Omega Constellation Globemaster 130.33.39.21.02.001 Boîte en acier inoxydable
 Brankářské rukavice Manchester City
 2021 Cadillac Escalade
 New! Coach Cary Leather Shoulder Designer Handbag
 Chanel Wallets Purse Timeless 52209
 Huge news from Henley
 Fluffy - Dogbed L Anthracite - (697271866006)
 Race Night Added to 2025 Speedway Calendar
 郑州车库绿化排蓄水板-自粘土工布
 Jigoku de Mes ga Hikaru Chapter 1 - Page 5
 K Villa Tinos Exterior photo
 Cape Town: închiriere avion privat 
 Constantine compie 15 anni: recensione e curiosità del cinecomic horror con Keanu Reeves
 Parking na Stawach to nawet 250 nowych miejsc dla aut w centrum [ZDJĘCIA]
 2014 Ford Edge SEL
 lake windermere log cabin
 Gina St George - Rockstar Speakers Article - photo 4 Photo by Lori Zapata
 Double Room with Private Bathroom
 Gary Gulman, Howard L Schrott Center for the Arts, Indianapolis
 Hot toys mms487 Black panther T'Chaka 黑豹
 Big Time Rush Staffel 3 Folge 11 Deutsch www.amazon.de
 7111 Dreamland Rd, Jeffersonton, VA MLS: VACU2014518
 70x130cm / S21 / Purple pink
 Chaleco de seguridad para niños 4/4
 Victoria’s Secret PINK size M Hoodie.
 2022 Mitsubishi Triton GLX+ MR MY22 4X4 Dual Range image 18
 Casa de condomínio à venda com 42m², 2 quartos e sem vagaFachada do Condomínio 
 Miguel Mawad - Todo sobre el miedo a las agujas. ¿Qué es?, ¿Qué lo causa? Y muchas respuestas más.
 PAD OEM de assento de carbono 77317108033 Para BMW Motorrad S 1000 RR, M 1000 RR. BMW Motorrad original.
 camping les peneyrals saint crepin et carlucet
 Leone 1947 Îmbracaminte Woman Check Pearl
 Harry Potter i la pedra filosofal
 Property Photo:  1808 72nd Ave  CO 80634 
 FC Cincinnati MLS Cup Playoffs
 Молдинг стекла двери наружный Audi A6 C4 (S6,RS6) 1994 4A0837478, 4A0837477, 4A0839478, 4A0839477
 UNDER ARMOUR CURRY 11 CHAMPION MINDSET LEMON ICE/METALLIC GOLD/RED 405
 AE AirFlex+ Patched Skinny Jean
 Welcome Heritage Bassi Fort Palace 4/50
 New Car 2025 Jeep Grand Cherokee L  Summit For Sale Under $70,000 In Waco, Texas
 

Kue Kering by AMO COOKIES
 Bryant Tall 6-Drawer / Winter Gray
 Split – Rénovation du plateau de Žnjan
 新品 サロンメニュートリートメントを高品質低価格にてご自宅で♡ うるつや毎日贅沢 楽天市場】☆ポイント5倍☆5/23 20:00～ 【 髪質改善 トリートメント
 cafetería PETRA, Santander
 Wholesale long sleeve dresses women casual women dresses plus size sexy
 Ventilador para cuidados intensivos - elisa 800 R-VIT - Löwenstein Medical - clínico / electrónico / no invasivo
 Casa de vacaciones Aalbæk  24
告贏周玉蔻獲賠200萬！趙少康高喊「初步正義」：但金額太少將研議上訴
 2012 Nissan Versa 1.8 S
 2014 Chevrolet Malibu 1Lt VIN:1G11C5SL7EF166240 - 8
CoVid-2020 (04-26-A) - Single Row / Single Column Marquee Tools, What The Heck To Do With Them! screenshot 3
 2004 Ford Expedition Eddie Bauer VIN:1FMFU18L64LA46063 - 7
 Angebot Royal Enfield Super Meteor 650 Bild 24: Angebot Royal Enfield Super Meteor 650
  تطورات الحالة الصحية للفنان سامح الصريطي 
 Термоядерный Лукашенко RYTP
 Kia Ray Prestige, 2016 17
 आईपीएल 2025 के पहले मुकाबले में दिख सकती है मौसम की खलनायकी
-- -- --
ABOUT THIS TASK
Report every line above that has the string "Ford" in it.

EXERCISE RESPONSE
 2014 Ford Edge SEL
 2004 Ford Expedition Eddie Bauer VIN:1FMFU18L64LA46063 - 7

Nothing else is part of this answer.